## TASK REQUIREMENTS:
The expected response is a copy of every line in the entries below that includes the word "bathroom".

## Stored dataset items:
--*--

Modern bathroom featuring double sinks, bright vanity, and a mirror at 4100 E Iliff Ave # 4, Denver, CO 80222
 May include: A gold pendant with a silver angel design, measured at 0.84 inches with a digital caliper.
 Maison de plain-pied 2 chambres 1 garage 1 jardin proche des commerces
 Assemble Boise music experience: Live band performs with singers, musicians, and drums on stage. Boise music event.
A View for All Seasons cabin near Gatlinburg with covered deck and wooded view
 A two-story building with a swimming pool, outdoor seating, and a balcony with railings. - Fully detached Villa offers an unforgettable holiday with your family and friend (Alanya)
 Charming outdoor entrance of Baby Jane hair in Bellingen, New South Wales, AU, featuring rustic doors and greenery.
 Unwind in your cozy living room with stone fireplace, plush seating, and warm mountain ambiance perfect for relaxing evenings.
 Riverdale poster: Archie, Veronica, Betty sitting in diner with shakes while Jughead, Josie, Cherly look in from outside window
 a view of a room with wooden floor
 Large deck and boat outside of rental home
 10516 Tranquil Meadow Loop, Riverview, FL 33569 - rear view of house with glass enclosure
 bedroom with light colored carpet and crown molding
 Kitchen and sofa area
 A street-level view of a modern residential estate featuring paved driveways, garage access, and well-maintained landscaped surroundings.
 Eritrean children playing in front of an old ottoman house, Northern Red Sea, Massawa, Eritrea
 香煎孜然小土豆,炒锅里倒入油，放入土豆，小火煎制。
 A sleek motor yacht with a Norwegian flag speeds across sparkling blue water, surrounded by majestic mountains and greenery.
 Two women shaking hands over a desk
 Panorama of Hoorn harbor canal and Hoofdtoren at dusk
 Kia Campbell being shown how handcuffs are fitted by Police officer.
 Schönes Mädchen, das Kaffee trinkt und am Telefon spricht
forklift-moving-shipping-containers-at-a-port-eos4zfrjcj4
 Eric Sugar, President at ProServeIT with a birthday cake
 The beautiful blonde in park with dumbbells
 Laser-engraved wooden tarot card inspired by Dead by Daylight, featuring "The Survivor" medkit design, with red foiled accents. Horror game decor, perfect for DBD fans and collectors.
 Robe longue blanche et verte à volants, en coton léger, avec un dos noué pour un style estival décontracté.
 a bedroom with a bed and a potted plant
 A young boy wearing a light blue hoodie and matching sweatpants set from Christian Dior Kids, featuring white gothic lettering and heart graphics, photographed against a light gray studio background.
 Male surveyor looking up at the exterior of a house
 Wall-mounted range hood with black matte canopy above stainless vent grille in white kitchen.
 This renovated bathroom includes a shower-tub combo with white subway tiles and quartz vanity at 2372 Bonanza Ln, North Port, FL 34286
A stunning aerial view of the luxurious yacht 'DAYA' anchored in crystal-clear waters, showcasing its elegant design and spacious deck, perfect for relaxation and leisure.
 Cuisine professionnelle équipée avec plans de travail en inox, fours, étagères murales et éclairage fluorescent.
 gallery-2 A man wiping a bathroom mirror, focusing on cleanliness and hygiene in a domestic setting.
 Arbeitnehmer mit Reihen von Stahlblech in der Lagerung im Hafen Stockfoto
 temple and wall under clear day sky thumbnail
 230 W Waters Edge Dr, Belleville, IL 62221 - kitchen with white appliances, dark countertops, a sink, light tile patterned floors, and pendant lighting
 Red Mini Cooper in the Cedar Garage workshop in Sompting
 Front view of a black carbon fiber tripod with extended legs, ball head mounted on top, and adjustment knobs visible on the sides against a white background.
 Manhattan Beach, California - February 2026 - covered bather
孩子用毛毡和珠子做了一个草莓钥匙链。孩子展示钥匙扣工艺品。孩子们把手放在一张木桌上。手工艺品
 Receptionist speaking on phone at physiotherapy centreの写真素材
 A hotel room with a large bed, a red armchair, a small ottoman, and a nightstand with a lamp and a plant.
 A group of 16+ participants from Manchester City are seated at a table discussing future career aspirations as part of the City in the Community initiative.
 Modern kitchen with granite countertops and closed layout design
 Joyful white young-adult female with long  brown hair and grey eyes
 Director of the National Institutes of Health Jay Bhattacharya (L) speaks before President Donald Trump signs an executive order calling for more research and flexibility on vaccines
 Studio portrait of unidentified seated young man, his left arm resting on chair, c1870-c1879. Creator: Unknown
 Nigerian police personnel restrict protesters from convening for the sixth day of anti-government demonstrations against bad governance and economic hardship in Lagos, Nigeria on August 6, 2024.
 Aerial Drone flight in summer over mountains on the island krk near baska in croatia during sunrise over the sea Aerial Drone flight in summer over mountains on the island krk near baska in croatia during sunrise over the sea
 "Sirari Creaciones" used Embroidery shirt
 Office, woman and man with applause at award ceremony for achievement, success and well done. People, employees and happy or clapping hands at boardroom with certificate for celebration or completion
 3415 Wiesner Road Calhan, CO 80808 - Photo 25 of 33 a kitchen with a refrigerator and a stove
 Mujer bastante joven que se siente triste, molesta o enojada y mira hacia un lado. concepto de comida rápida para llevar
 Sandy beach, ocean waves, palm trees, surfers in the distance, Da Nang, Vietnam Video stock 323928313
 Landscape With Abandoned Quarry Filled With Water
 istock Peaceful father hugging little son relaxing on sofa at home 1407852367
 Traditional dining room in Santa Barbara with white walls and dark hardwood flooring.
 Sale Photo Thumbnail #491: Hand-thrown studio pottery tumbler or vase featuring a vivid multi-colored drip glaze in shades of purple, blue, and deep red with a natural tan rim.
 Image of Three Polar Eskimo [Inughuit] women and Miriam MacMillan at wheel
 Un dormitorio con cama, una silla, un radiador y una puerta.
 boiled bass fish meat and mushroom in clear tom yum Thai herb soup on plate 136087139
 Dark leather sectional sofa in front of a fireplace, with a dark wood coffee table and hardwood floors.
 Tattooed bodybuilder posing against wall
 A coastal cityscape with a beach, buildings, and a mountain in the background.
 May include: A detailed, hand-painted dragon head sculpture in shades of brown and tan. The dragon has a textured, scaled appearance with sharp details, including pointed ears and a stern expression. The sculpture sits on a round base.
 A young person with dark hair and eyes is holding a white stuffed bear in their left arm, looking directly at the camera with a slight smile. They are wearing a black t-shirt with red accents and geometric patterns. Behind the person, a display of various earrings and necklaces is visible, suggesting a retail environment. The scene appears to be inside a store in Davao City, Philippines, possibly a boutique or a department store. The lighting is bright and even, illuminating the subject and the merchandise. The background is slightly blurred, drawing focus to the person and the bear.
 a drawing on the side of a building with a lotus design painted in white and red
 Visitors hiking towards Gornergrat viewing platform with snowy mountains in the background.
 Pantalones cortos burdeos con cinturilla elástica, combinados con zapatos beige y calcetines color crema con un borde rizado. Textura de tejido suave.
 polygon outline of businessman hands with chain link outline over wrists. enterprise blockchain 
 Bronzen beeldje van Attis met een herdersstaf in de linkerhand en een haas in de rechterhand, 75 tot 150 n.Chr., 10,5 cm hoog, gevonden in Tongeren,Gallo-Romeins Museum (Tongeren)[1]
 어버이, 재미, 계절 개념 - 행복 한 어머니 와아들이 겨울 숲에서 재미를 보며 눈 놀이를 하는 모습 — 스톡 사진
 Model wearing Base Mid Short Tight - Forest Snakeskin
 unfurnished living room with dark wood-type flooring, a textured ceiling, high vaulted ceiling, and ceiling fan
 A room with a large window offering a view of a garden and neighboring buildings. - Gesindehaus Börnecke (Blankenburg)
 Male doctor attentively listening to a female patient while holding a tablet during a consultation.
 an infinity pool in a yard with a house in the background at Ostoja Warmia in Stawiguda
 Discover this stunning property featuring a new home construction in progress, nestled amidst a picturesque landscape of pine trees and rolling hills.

--*--

## PROBLEM SOLUTION:
Modern bathroom featuring double sinks, bright vanity, and a mirror at 4100 E Iliff Ave # 4, Denver, CO 80222
 This renovated bathroom includes a shower-tub combo with white subway tiles and quartz vanity at 2372 Bonanza Ln, North Port, FL 34286
 gallery-2 A man wiping a bathroom mirror, focusing on cleanliness and hygiene in a domestic setting.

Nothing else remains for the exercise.